We will explore these questions and address their underlying assumptions from within the disciplinary frameworks of History, Anthropology, and Religious Studies. In terms of theory, students will comprehend key debates and methodological approaches to the broader study of religion and capitalism, including formal resemblances between theological concepts and theorizations of the market; the analytical purchase of binary oppositions between religion (enchantment) and economics (rationality); the cultural embeddedness of markets versus their formalistic autonomy; postcolonial critiques of corporate sovereignty and neoliberalism; and, finally, economic/ecological assemblages and “religious economies.”
In addition to harnessing theoretical tools of analysis, students will also acquire substantial knowledge of the Shari’a, its commercial laws, institutions, and contracts by studying the history of commerce in Muslim societies from 7th-century agrarianism to contemporary Islamic finance.
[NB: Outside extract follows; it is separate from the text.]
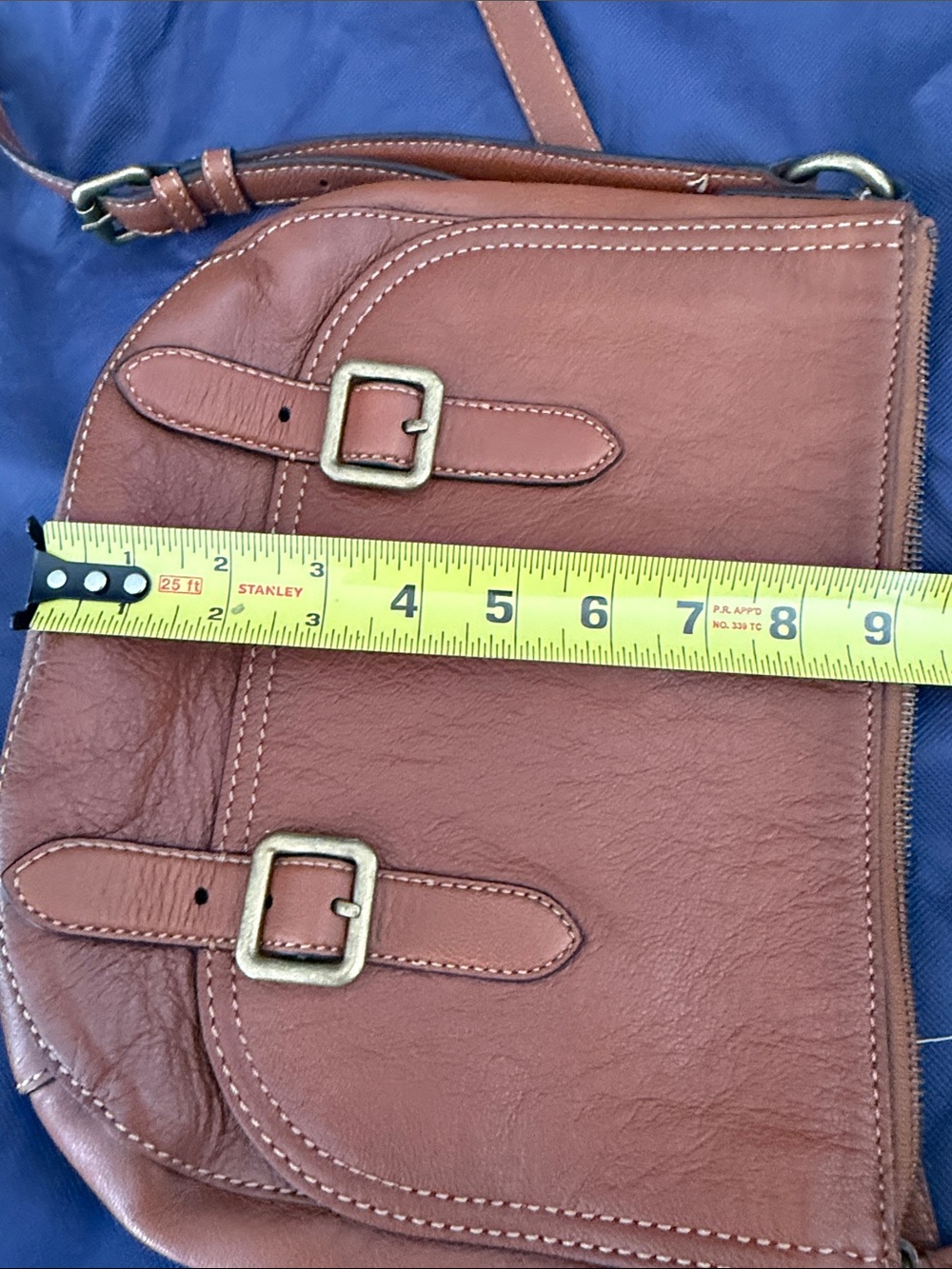 FRYE Timeless Leather Crossbody Bag in Cognac - Picture 13 of 16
The diverse topics, regions, and periods covered in the course are organized into 5 modules: (1) theoretical concepts in religion and economics; (2) the Shari’a and Islamic commercial law; (3) commerce in medieval Islam; (4) modernity, colonialism, and industrial capitalism; and, finally, (5) globalization, modern Islamic finance, and environmentalism.
Format: seminar; This course will be conducted online in its entirety and will rely on a combination of synchronous and asynchronous modes of learning. The synchronous component will consist of weekly class meetings via Zoom. A discussion leader will be assigned for each session and, depending on enrollment, students will be separated into break-out sessions to facilitate group discussion. The asynchronous component will consist of weekly reading responses, the mid-term, and final paper.
Grading: yes pass/fail option,
yes fifth course option
Weekly Reading Responses (approx. 300 words): 20%; Class Participation (based on a weekly assignment of in-class discussion leaders): 20%; Take-home Midterm Exam (5 double-spaced pages/1250 words max.): 20%; Term Paper (10 double-spaced pages/2500 words max.): 40%
There are no prerequisites for enrollment. However, an elementary exposure to the history of economic thought will be useful.
Difference, Power, and Equity
This course examines trajectories of capitalism--beyond its isomorphic relationship with Western culture--in the Muslim world. It offers a critical perspective on economic inequality and underdevelopment in postcolonial Muslim states and their historical linkages with extractive/settler colonialism. Students explore connections between petrodollar capitalism, climate change, exploitation of migrant labor in the Arabian Gulf, and the fight for regional domination through proxy religious wars.